KURIER: Sie sind Ötztaler. Trotzdem haben Sie unmittelbar nach dem Söldener Weltcup-Auftakt Sölden verlassen. Warum?
Patrick Riml: Meine Familie wohnt in Calgary. Wir haben dort ein Haus gebaut. Und meine Frau ist Kanadierin.

Aber Ihr neuer Arbeitsplatz befindet sich in den USA.
Im Bundesstaat Utah, in Park City. Dort, wo 2002 die olympischen Torläufe stattgefunden haben. Dort hat der US-Skiverband seinen Sitz. Dort wartet eine Menge Arbeit auf mich.

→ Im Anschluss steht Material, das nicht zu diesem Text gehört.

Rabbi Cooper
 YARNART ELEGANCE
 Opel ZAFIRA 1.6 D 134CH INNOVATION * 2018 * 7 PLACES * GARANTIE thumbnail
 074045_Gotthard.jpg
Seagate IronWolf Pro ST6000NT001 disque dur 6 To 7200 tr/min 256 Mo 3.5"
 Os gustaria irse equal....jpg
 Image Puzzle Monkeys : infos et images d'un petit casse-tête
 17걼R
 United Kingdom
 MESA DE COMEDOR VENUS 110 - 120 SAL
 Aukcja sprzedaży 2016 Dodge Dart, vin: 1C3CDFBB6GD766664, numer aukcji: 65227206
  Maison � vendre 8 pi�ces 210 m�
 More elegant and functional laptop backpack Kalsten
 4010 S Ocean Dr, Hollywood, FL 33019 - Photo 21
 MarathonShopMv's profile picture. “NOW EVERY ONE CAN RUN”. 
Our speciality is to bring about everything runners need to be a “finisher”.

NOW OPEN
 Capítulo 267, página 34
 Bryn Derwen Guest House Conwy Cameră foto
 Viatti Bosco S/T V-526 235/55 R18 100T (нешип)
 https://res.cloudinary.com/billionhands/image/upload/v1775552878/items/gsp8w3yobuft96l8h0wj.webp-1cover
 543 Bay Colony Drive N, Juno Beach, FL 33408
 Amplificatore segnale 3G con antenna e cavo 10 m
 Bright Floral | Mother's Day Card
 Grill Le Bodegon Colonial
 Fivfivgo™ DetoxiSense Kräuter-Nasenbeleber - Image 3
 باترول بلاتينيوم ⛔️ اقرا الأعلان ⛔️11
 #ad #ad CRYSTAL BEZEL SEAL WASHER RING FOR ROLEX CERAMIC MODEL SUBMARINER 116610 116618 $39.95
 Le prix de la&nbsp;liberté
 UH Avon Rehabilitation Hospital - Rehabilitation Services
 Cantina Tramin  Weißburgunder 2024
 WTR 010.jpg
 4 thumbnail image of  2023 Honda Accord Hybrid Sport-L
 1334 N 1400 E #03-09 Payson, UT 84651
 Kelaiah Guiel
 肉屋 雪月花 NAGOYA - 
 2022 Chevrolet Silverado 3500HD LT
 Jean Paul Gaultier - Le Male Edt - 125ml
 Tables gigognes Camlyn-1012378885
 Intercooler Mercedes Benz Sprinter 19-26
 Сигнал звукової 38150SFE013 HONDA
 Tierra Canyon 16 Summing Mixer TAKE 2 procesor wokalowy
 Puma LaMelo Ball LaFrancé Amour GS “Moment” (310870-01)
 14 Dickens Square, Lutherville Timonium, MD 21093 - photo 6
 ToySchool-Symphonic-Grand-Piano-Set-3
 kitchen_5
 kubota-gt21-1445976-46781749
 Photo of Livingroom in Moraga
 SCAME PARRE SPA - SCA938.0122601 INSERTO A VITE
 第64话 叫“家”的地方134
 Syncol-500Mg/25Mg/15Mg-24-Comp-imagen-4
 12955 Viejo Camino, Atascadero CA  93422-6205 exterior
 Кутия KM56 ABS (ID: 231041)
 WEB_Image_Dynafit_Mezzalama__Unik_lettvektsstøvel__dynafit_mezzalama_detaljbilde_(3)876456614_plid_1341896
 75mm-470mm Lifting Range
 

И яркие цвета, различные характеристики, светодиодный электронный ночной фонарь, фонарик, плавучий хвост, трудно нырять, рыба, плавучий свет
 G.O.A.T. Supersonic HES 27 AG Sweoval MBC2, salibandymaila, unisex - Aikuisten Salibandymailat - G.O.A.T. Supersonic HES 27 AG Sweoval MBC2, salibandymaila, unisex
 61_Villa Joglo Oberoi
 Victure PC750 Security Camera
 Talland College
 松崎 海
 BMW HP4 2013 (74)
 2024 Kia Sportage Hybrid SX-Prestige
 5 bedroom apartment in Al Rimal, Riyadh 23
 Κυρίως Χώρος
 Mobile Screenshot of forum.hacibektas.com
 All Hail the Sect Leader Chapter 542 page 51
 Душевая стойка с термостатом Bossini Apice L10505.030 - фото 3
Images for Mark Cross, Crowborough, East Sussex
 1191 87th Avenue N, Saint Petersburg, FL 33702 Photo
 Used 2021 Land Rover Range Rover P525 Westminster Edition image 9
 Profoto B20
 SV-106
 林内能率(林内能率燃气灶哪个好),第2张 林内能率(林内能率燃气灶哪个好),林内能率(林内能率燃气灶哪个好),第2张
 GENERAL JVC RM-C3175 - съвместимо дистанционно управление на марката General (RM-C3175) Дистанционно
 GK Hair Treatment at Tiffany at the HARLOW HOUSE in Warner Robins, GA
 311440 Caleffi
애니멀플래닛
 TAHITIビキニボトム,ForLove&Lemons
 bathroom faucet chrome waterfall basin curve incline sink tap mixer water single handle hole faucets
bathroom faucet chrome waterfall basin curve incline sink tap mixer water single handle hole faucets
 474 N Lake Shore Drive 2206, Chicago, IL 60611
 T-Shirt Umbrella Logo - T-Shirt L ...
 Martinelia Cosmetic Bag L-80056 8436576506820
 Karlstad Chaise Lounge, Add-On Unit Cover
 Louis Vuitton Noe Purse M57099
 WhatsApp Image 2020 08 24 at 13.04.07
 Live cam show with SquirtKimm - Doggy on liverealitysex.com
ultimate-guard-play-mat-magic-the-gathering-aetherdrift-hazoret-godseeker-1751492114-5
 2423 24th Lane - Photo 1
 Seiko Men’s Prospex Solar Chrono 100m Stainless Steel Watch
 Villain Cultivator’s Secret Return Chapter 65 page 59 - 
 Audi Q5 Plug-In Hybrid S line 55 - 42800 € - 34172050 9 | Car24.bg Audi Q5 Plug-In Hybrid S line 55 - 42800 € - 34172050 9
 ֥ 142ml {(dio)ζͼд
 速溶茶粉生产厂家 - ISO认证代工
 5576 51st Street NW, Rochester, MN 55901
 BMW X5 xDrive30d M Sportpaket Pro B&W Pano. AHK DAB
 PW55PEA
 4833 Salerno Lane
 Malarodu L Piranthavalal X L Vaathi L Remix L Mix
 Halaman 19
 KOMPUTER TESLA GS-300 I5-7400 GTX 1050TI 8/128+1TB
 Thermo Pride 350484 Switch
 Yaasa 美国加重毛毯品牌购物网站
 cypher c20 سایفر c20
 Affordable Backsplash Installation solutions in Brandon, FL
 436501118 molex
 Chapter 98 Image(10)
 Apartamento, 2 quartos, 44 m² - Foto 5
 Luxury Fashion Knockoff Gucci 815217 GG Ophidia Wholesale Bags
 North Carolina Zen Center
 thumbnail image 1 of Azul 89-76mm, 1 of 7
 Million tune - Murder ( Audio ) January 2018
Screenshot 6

... die für Sie als neuen US-Alpindirektor sensationell begonnen hat. Auf ihrem Haus-Gletscher, dem Rettenbachferner, wurde zwei Mal die US-Hymne gespielt. Wurden die Riesenslalom-Siege von Lindsey Vonn und Ted Ligety in den USA registriert?
Ja. Sehr sogar.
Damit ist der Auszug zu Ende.